In some embodiments of this application, the processing module 502 is further configured to: when the sixth flag bit indicates the public warning system notification, obtain the system information modification information from a paging physical downlink control channel; or when the sixth flag bit indicates the system information modification information, obtain the public warning system notification from a paging physical downlink control channel.

In some embodiments of this application, the power saving message is a wake-up signal WUS.

In some embodiments, still refer to FIG. 7. An embodiment of this application provides user equipment, and the user equipment 50 includes:

a receiving module 501, configured to receive a power saving message from a network device, where the power saving message carries first indication information, the first indication information indicates whether to obtain a short message by using a paging physical downlink control channel, and the short message includes at least one of the following: a public warning system notification or system information modification information; and

a processing module 502, configured to determine, based on the first indication information, whether to obtain the short message by using the paging physical downlink control channel.

In some embodiments of this application, the power saving message is carried on a physical downlink control channel PDCCH, and the first indication information is located in downlink control information DCI or a demodulation reference signal DMRS of the power saving message.

In some embodiments of this application, the power saving message is a wake-up signal WUS.

As shown in FIG. 8, an embodiment of this application provides a network device, and the network device 60 includes:

a sending module 601, configured to send a power saving message to user equipment, where the power saving message carries indication information of a short message, the short message includes at least one of the following: a public warning system notification or system information modification information, and the indication information of the short message indicates the user equipment to obtain the short message from the power saving message.

In some embodiments of this application, the network device 60 further includes a processing module 602.

The processing module 602 is configured to generate the power saving message, where the power saving message carries the indication information of the short message, the short message includes the at least one of the following: the public warning system notification or the system information modification information, and the indication information of the short message indicates the user equipment to obtain the short message from the power saving message.

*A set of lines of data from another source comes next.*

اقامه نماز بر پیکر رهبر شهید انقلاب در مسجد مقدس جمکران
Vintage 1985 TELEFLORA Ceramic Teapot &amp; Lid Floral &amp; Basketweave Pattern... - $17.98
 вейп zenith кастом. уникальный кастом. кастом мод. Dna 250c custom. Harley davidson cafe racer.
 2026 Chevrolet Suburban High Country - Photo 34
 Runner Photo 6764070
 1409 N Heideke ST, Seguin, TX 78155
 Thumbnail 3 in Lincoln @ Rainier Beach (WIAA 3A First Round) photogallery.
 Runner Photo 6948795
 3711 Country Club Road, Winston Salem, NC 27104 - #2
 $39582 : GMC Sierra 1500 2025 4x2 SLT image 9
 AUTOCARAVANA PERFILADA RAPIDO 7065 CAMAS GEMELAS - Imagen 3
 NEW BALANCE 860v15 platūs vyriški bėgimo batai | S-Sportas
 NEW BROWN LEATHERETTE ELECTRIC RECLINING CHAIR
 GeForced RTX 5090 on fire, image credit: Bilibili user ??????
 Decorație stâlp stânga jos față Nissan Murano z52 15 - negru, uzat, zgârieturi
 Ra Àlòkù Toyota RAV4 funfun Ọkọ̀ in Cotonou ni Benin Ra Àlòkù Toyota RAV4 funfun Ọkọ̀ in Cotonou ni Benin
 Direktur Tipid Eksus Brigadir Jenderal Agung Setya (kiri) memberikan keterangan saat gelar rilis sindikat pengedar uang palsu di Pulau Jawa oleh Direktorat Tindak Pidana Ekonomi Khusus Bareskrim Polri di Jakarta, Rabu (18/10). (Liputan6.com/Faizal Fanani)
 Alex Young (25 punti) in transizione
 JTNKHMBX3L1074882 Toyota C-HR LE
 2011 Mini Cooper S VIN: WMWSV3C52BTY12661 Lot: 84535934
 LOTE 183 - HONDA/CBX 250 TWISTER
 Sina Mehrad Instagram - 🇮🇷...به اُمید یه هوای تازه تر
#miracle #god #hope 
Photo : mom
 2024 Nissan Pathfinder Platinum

The power saving message is carried on a physical downlink control channel PDCCH, and the indication information of the short message is located in downlink control information DCI or a demodulation reference signal DMRS of the power saving message.

In some embodiments of this application, the power saving message is before a discontinuous reception on duration.

In some embodiments of this application, the power saving message is a wake-up signal WUS.

In some embodiments of this application, the power saving message is two consecutive WUSs, and a time interval between monitoring occasions of the two consecutive WUSs is less than a preset time length.

In some embodiments of this application, the power saving message is two consecutive WUSs, and x<N, where x is a quantity of paging frames PFs between the two consecutive WUSs, and N is a quantity N of paging frames in one default paging cycle.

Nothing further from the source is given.